Christian Louboutin Is Back In Court To Defend Its Red Sole Trademark
Alright, it’s official — if you ever see a pair of USA-made heels with a bright red sole and a contrasting color for the rest of the shoe, those heels better be by Christian Louboutin, otherwise another lawsuit is going to be going around. However, the same cannot be said in Europe. According to The Fashion Law, Christian Louboutin is back in court to defend its red sole trademark. You might remember hearing that the company sued Yves Saint Laurent in 2012 over the issue. While the trademark is valid in the US, it's not official in Europe, which is why they're back in the legal spotlight.

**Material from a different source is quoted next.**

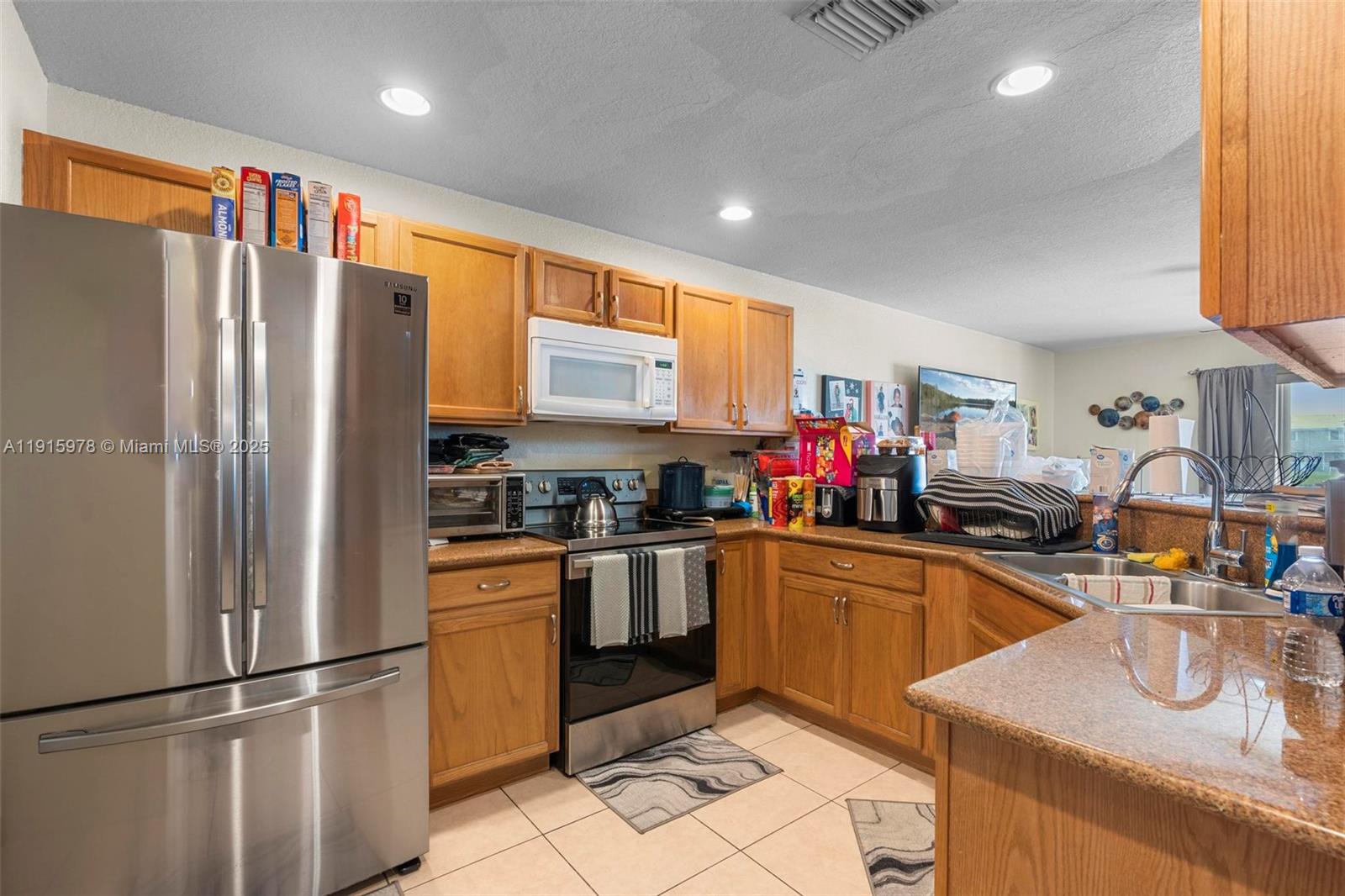 a kitchen with stainless steel appliances granite countertop a refrigerator sink and cabinets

In 2012, Yves Saint Laurent’s heels were put into question because of a fully-colored bright red shoe, heel included. The ruling was in favor of the defendant, YSL, making it OK for a shoe to have a red sole if the rest of the shoe is also red. However, Louboutin did successfully win the rights to a red sole when the color of the sole is in contrast with the color of the shoe’s upper.
Just because the hustle ‘n bustle around the whole YSL ordeal was brought to a close does not mean Louboutin’s work is finished. Dutch shoemaker, Van Haren, has been continuously selling a contrasting red-soled styled heel from its 5th Avenue by Halle Berry collection. Louboutin filed a lawsuit on Haren back in 2013, but Haren was able to appeal the suit because the 5th Avenue heels “lacked distinctiveness.”
It looks like designers now have a loophole to jump through if anyone ever wants to create a bright red-soled pair of heels. Louboutin is going to have to really crack down on the description of their trademarked heels if they really want to keep all red-soled heels to their brand.